# Jotul Combi #1



## larrypac (Jan 5, 2012)

I just bought a Jotul Combi #1 for my camp.  It seems to be in pretty good condition.  Door does not slide to smoothly but I did not see any broken parts underneath it.  Can anyone give me clearances for this stove?  I have searched this site and the net in general with no luck.  Thanks, Larry


----------



## Gunks (Feb 3, 2012)

Just came across your post.  I used to have a Jotul #1.  As you can see from the picture, there is not a lot of clearance on the back and the sides.  I am not sure if it's up to code since the stove came with the house.  We used it for about 8 years before we replaced it.


----------



## stoveguy13 (Feb 3, 2012)

dose it have a listing plate on it?


----------



## begreen (Feb 3, 2012)

Nice, it looks to be in pretty good shape. If I recall right, this stove had fairly stiff clearance requirements. It can really put out some heat. That's why you see it in settings with brick wall shield for clearance reduction. If no plate with clearances on the back of the stove it needs to be 36" from combustibles, in all directions. For the sticky door, try some graphite on the hinge pivots. 

At a minimum I would follow these guidelines for this stove:
https://www.hearth.com/econtent/index.php/articles/wood_stove_clearances_installing_it_safely

if you need to reduce clearances, here is a table showing options:
https://www.hearth.com/econtent/index.php/wiki/NFPA_Wall_Clearance_Reductions/


----------



## webbie (Feb 3, 2012)

Somebody somewhere has a manual - I am sure of that.
It's just a matter of finding one. 

Hopefully someone will read this post and help. 

I know these stoves were not very close clearance, because they put out a lot of heat!
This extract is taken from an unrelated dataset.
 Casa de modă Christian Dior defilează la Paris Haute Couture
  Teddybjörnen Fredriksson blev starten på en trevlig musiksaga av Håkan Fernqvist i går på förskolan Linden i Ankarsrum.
That said, the UL listed clearance might be a little closer than the 36" due to the size and shape of the stove (not as many large flat walls).

I seem to remember some reduced clearances (maybe 24") in a corner installation. 
Hey, if you are a Facebook member, post a quick request on their (jotul facebook) site - maybe one of their FB followers or someone in the tech dept has one......


----------